If there are factual disputes as to the grievance process, I am required to deny summary judgment and hold an evidentiary hearing. Albino v. Baca, 747 F.3d 1162, 1170. Disputed factual questions relevant to exhaustion should be decided by the judge, in the same manner a judge rather than a jury decides disputed factual questions relevant to jurisdiction and venue. Id. I therefore DENY summary judgment and the case will proceed to an evidentiary hearing on the matter of exhaustion.
On June 30, 2015, Defendant Hawkins issued a misconduct report to Plaintiff for sitting five inmates to a table when only four were allowed. Plaintiff claims there were only four inmates at the table and Defendant Hawkins issued the report as a means of retaliation. Defendants move for summary judgment on claim 3 claiming Plaintiff cannot succeed in showing that Defendant Hawkins's actions substantively amount to retaliation. Prisoners have a First Amendment right to file grievances against prison officials and to be free from retaliation for doing so. Brodheim v. Cry, 584 F.3d 1262, 1269 (9th Cir. 2009). A retaliation claim has five elements: 1) protected conduct by the prisoner; 2) adverse action by the official; 3) a causal connection between the protected conduct and adverse action; 4) the official's acts would chill the protected conduct of a person of ordinary firmness; and 5) no legitimate penological goal was advanced. Watison v. Carter, 668 F.3d 1108, 1114 (9th Cir. 2012).

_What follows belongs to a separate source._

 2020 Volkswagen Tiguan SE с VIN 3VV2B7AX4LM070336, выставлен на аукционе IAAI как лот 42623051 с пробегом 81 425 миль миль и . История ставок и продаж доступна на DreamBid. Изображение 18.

Defendants argue Plaintiff can show neither a causal connection between the adverse action and the protected conduct nor that Defendant Hawkins' actions failed to advance a legitimate penological goal. Defendants claim the cause of Hawkins' actions was the actual violation of having five prisoners sitting at a table, the occurrence of which is supported by statements from Defendant Hawkins and Inmate Glover. However, Inmate Glover wrote "Inmate Scibner was at the table next to us . . . turned in his chair to say hello, he was not . . . at our table or part of the game." (First Glover Decl. at 2) The tables were roughly two feet apart, making it easy to converse at another table while remaining at your own. Id. Inmate Glover also writes that Hawkins approached him later to say he had been "caught up" in his fight with Plaintiff when he issued the misconduct report. Taking this evidence in the light most favorable to the Plaintiff, Plaintiff has shown enough evidence that retaliation may be the "but for" cause of Defendant Hawkins actions. Lacey v. Maricopa Cty., 693 F.3d 896, 917 (9th Cir. 2012). Whether Defendant Hawkins advanced a legitimate penological goal also turns on the resolution of the disputed factual issue. Taking the facts in the light most favorable to Plaintiff, Plaintiff has produced evidence there were not five people at the table. It cannot be said to support a penological goal to issue a false misconduct reports. I therefore DENY Defendants' motion as to claim 3.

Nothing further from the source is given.